Along with all the well-documented difficulty that comes with parenting Mihiretu, I have to admit that the kid has a certain magnetism. Star quality, you might say. He's popular at school, it seems. Kids always light up with a "Hi, Mihiretu!" when he walks by. Often we'll be out at the park or running errands and some small child will run up to him with a grin and a greeting. Given what a brute he can be, it's a bit surprising. Maybe he's like the foxy, surly boy in school, the one who mounts his motorcycle with barely a glance at the surrounding throng and consequently sends all the girls atwitter.
I remember Ben's sister, Anne, once saying that when you look at a photograph of a baby, there's no way to predict what they'll look like when they're older.
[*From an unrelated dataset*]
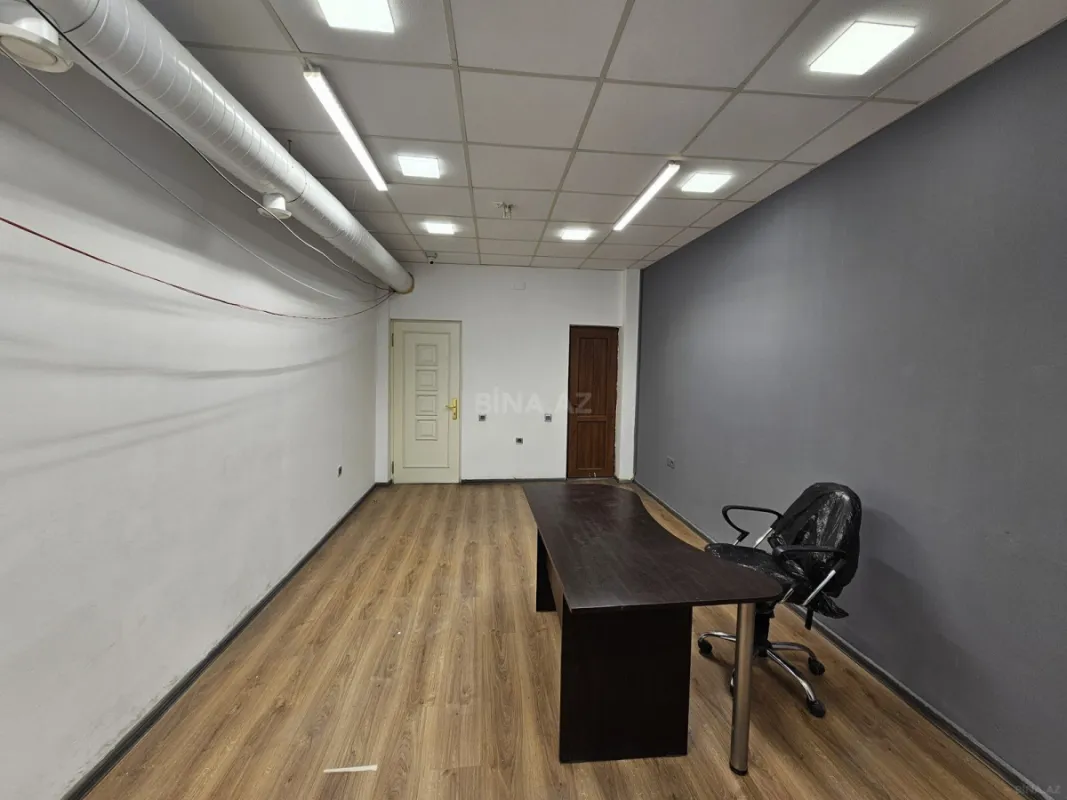 Kirayə verilir obyekt 150 m²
But when you look at the growing child or adult and then back at the baby picture, the person that will one day emerge is all present and accounted for. I could extrapolate that to personality. There are many seeds in a small child. You just don't know which are going to sprout. I find myself, as most parents do, wondering how my kids will mature, who'll they'll be in twenty years. The other day I found myself making those predictions out loud. I told Mae that I thought she'd be preserving endangered species in some far-flung corner of Africa. Lana, I mused, would be a fashion designer in New York City. And Mihiretu, I'm certain, will be a movie star.
He has an extraordinary sense of humor for a three-year-old, I'll give him that. We were at a little league game this weekend and he was spending some quality time with his grandpa. He and Bob, Ben's dad, have really been enjoying each other lately. Mihiretu is sparing with his trust but he's firmly decided that Bob is deserving. Half way through the game, Mihiretu was nestled in Bob's lap, getting soundly tickled. He gazed up into Bob's face and with his customary twinkle, said "Gamma", his pronunciation of Grandma. Bob, thinking he just had his English confused, said, "Oh, no, I'm Papa. I'm your grandpa." And Mihiretu said, "No. Gamma," and laughed. Soon they were engaged in mock battle, Bob saying, "Mihiretu's a little girl," and Mihiretu saying, "No, you Gamma!" They were both in hysterics.
It's a good thing, I guess, his ability to charm. From what I know of the world, good looks and a sense of humor go probably farther than they should. But he's going to have a hard enough time growing up African in white-white-white Marin County, let alone making his way in the world beyond. He needs all the ammunition he can get.